MAHATVA.ID — Badan Narkotika Nasional (BNN) menggagalkan upaya produksi narkotika jenis sabu yang dijalankan secara diam-diam di sebuah apartemen kawasan Cisauk, Kabupaten Tangerang, Banten.

Pengungkapan kasus ini menjadi bukti semakin kompleksnya modus jaringan narkotika yang kini memanfaatkan hunian vertikal sebagai lokasi produksi.

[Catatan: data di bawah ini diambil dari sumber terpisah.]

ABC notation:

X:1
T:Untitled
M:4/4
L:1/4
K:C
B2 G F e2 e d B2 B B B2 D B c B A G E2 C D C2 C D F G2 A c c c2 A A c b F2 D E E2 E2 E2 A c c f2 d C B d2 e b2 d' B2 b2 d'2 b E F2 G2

Tim Gabungan BNN bersama Direktorat Jenderal Bea dan Cukai melakukan penggerebekan sekitar pukul 15.30 WIB di salah satu unit apartemen lantai 20. Berdasarkan hasil penyelidikan, unit tersebut diketahui telah disulap menjadi laboratorium produksi sabu (clandestine laboratory).

Dua pelaku berinisial IM dan DF berhasil ditangkap. IM berperan sebagai peracik atau “koki”, sementara DF bertugas memasarkan hasil produksi.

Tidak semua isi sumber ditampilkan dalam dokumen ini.